• Exercise prompt
Only the count is expected: the number of lines below that contain "Dance".

*** Block opens ***

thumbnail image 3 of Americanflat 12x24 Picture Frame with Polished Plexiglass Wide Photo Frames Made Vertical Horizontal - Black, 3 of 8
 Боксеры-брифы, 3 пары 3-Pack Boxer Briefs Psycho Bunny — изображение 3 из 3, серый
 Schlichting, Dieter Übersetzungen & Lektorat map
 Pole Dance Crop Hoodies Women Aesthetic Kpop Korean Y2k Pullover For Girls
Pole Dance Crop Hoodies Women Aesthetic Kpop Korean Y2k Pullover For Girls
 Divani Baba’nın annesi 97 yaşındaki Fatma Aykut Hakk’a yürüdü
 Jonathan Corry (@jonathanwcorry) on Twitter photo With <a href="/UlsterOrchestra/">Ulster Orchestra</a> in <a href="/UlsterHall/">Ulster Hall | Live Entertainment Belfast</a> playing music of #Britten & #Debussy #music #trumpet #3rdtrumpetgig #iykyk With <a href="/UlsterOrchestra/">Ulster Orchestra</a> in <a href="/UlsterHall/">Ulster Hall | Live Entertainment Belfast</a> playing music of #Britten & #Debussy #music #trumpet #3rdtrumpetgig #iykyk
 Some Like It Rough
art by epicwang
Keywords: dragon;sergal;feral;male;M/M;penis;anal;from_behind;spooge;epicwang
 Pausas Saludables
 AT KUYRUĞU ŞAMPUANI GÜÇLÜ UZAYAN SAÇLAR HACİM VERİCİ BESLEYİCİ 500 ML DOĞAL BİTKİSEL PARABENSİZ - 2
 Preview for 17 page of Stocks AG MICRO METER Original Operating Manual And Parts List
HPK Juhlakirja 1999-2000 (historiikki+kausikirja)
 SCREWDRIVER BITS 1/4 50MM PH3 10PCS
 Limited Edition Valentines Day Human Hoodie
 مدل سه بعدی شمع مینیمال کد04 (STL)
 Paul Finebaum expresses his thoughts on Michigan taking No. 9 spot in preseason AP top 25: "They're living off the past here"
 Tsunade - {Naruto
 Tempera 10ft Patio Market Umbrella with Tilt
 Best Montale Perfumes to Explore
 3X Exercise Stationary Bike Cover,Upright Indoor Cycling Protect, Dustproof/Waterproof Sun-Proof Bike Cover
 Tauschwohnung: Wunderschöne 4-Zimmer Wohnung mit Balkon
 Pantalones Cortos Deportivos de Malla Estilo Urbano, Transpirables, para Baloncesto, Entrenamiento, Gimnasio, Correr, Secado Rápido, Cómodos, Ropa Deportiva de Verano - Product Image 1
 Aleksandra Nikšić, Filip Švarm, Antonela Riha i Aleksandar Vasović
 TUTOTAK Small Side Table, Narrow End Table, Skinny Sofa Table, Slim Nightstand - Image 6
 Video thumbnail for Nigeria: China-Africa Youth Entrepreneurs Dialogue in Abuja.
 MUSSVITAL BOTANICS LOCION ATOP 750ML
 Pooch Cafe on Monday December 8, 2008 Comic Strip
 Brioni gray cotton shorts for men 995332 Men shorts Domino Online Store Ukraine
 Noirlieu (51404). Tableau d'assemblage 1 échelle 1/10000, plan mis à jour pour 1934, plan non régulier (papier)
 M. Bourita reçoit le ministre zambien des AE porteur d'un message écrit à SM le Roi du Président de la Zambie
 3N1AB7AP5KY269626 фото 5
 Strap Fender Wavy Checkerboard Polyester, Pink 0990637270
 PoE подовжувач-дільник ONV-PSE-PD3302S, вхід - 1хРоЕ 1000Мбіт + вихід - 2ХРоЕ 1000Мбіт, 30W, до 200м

*** Block closes ***

• Task output
2